# New Years resolutions



## Miceandmore64 (Jul 16, 2013)

Mice or non mice related!
Will post a few of my tommorow
But my main one is Not to drink fizzy/soda AT all


----------



## SarahC (Oct 3, 2008)

drink less alcohol
swear less
spend less time on the internet
might give up meat.Bit torn because I'll still have to buy and cook it.


----------



## Miceandmore64 (Jul 16, 2013)

Sounds great! Good luck and about the Internet dont spend less time err :C


----------



## SarahC (Oct 3, 2008)

no of course not,I like sharing time with fellow mousers and some people from here are now valued friends in my non internet life.Nice coffee and cake at the motorway services on Monday with Sarahy and Woodwitch.


----------



## PPVallhunds (Jul 26, 2010)

Mine is to give up mc dounalds for this month then only have it occasionally.

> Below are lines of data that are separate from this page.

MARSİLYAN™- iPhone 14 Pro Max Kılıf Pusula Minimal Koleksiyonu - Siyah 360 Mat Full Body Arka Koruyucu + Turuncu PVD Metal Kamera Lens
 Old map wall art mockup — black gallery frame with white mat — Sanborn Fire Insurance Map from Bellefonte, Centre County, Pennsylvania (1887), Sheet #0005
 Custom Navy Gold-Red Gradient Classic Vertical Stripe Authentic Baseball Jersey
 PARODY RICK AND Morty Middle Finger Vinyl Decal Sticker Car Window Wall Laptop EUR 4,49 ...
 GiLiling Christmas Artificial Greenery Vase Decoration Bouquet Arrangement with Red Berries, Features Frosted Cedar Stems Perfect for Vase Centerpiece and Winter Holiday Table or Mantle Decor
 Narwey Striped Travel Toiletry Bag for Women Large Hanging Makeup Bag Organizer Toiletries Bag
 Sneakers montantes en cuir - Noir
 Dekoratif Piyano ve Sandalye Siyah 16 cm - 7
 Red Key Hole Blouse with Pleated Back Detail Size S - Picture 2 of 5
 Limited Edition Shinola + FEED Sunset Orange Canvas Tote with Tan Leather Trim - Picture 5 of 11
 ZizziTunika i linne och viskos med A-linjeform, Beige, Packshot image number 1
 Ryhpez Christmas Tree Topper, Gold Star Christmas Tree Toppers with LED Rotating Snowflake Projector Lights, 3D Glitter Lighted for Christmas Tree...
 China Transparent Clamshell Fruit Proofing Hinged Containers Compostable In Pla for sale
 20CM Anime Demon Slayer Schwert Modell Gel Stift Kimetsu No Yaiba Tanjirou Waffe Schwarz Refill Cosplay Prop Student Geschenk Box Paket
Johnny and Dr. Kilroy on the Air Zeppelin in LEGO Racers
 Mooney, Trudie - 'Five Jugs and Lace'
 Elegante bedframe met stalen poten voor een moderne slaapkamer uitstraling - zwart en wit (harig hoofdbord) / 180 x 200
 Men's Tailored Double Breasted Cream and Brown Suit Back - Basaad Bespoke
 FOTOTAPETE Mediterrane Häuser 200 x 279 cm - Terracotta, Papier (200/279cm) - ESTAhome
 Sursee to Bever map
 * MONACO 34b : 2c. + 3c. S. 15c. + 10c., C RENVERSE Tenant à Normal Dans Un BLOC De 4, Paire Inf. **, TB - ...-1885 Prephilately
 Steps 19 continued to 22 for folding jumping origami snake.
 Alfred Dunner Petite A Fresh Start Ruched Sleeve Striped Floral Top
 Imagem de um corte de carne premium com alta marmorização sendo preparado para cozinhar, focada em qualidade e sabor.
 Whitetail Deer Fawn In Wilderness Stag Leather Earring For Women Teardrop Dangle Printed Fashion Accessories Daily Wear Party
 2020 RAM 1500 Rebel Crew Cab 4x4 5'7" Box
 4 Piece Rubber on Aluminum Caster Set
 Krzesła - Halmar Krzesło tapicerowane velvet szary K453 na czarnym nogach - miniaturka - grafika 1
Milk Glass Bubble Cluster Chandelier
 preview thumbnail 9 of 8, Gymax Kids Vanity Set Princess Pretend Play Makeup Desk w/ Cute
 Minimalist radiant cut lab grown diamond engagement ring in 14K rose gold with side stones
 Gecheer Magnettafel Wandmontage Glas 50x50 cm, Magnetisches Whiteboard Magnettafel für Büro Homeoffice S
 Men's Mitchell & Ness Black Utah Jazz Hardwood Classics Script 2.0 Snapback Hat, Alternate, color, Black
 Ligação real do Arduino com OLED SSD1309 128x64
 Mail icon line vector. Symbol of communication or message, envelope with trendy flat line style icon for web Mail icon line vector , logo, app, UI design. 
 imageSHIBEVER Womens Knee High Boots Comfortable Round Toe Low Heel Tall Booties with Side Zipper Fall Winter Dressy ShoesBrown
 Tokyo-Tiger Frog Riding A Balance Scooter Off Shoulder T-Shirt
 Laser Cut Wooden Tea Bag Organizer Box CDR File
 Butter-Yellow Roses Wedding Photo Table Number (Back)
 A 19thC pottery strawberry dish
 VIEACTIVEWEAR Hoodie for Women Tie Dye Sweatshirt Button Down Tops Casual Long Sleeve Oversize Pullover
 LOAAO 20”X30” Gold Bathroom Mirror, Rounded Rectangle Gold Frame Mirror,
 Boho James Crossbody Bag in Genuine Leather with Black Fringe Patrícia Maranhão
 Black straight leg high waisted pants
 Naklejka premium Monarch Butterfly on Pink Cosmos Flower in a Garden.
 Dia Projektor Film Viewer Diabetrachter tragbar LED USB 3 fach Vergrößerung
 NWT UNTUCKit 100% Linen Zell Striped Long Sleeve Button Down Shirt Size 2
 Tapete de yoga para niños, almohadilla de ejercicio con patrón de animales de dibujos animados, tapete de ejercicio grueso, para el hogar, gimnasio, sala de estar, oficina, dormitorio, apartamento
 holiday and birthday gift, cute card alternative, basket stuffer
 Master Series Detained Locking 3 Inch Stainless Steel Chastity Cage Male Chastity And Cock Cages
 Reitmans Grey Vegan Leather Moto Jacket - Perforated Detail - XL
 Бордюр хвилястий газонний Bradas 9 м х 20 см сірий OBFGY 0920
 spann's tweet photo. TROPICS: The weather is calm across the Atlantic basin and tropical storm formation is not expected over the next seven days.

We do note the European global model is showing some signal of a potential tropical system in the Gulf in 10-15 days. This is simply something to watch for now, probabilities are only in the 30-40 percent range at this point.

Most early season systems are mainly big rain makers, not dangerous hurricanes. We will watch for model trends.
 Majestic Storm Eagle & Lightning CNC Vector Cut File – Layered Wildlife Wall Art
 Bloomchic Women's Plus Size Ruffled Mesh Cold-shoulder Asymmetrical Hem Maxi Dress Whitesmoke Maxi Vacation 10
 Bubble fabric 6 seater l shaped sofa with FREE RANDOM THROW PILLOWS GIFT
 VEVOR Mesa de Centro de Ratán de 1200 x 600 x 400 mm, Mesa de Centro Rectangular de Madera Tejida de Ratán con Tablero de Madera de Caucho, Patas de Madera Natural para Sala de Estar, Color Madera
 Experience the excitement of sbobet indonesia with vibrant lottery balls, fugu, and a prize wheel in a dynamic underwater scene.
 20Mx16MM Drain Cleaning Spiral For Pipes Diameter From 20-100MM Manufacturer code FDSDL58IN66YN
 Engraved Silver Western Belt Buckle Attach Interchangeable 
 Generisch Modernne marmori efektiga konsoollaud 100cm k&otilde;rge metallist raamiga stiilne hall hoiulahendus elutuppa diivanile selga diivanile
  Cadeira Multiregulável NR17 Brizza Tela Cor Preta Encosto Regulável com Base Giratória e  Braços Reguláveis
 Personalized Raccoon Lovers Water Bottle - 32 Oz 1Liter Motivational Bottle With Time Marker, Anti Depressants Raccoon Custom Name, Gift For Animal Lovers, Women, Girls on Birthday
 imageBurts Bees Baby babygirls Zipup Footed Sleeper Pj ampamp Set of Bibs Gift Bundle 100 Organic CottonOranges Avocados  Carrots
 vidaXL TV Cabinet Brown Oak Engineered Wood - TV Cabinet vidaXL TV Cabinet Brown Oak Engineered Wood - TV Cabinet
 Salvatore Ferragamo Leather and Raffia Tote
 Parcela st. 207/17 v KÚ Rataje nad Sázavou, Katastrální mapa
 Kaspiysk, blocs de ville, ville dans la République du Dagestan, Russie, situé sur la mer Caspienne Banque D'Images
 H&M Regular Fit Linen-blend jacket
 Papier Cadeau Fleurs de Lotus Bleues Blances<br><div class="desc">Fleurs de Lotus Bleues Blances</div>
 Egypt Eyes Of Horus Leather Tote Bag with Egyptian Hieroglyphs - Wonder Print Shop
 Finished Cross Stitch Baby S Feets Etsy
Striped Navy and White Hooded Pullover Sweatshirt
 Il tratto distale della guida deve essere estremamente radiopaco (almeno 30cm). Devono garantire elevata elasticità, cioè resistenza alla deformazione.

My doctor will be very happy lol.
Lose 2st in weight.
Finally put my new mouse shed up.


----------



## brokenpete (Sep 29, 2013)

focus on one thing! ( breeding the perfect mouse) instead of ten hobbies at a time!


----------



## Miceandmore64 (Jul 16, 2013)

Ha ha ha make sure you keep these resolutions lol


----------



## Laigaie (Mar 7, 2011)

I'm taking better care of my teeth, finalizing my upgrades to the mousery, and getting my butt into and through the first half of grad school!


----------



## Miceandmore64 (Jul 16, 2013)

Im starting high school this year liek OMG lol


----------



## mich (Sep 28, 2013)

Try to stop biting my nails.


----------



## Miceandmore64 (Jul 16, 2013)

I stopped that now I am growing nice long pretty nails


----------